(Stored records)
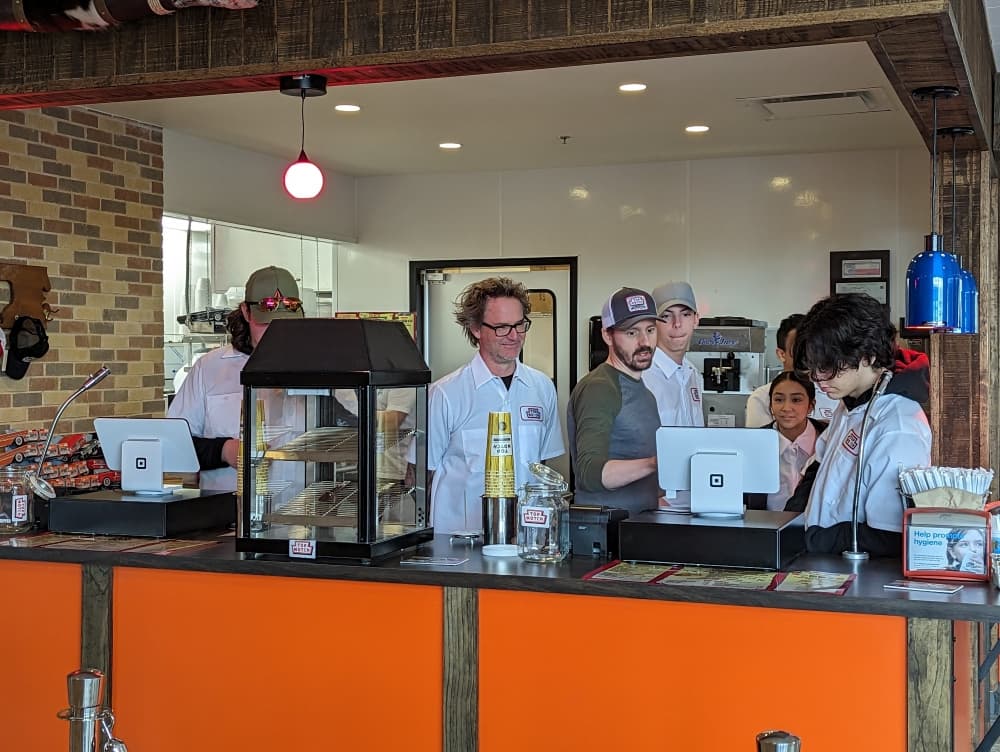 Owner Kelly Chappell trains employees ahead of Top Notch's opening. (Carson Ganong/Community Impact)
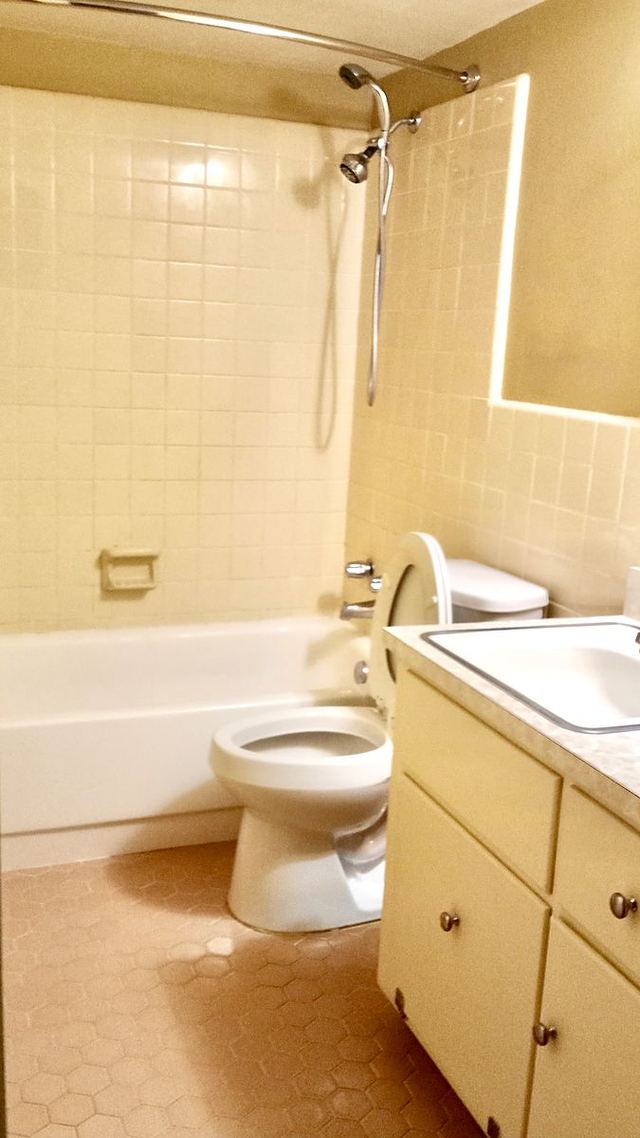 Bathroom in Unit 210 with a white tub, clean tiled surround and grout, and vanity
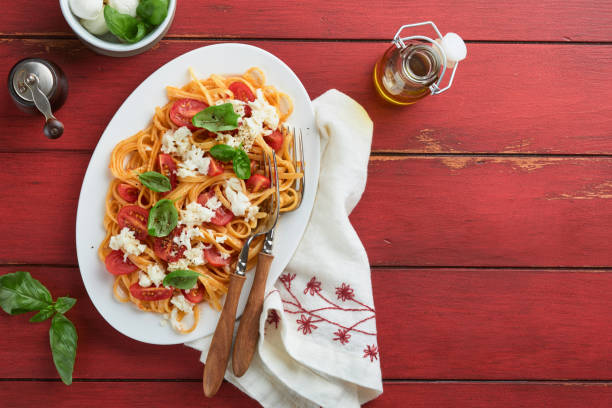 salat-caprese oder pasta-spaghetti gebrochen mit basilikum und mozzarella ala caprese auf einem weißen teller auf rotem rustikalem holzhintergrund. traditionelle italienische küche. italienisches food-konzept. draufsicht. - caprese salad antipasto wine mozzarella stock-fotos und bilder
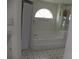 Bathroom with a large tub with shower, unique window and vanity mirror at 23167 Turnbull Ave, Port Charlotte, FL 33954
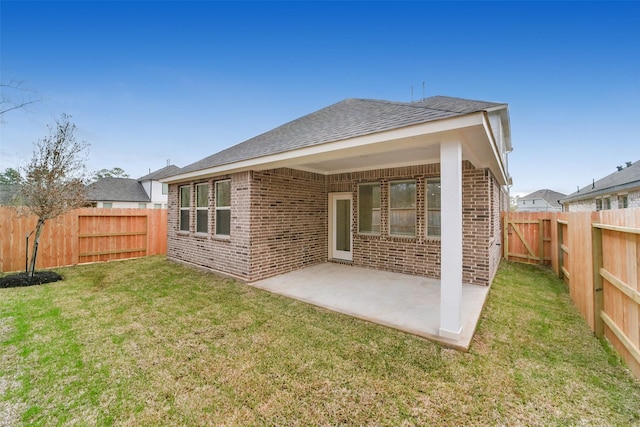 rear view of property featuring a lawn and a patio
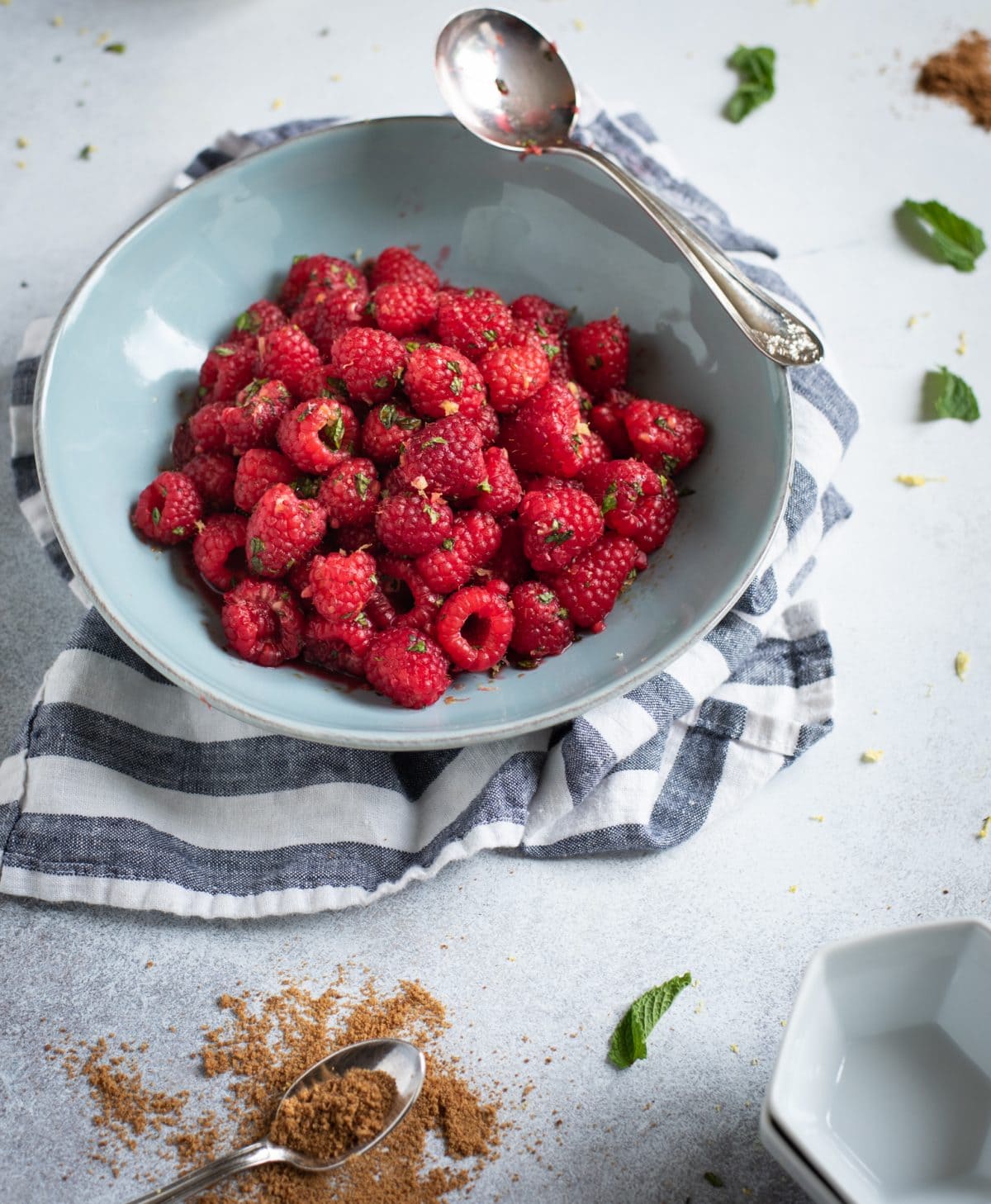 Photo of blue bowl full of Raspberries with lemon zest and mint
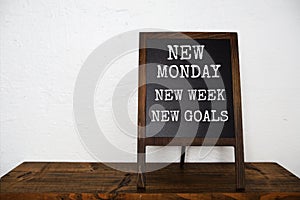 New Monday New Week New Goal text message on easel blackboard standing on wooden shelves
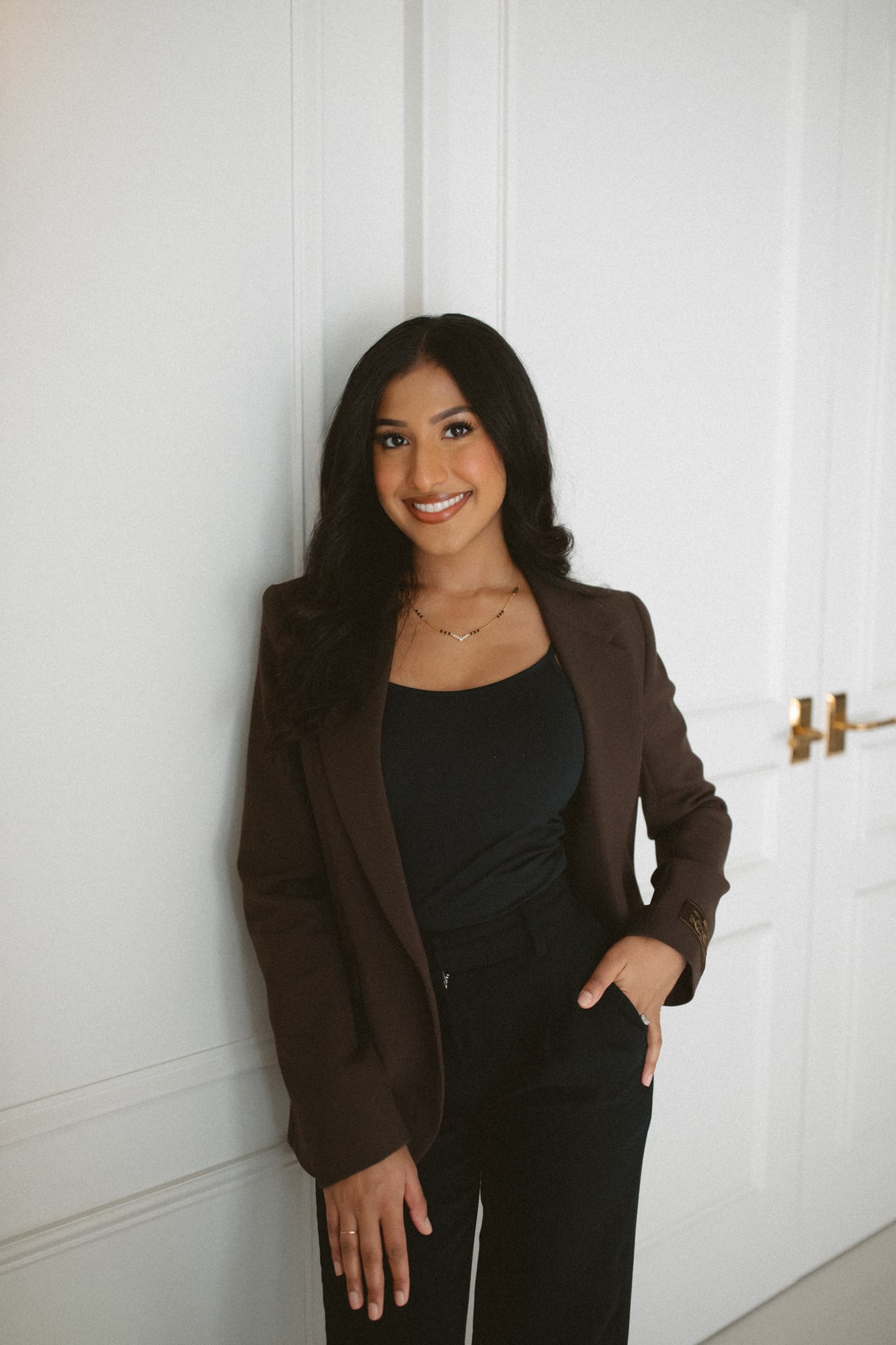 Mahima Chauhan standing beside a panelled wall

== DIRECTIONS FOR THIS TASK ==
Pictures are to be left out when the lines from the one containing "Bathroom in Unit" through the end of the records above are repeated exactly; no other line is wanted.

== COMPLETED EXERCISE ==
 Bathroom in Unit 210 with a white tub, clean tiled surround and grout, and vanity
 salat-caprese oder pasta-spaghetti gebrochen mit basilikum und mozzarella ala caprese auf einem weißen teller auf rotem rustikalem holzhintergrund. traditionelle italienische küche. italienisches food-konzept. draufsicht. - caprese salad antipasto wine mozzarella stock-fotos und bilder
 Bathroom with a large tub with shower, unique window and vanity mirror at 23167 Turnbull Ave, Port Charlotte, FL 33954
 rear view of property featuring a lawn and a patio
 Photo of blue bowl full of Raspberries with lemon zest and mint
 New Monday New Week New Goal text message on easel blackboard standing on wooden shelves
 Mahima Chauhan standing beside a panelled wall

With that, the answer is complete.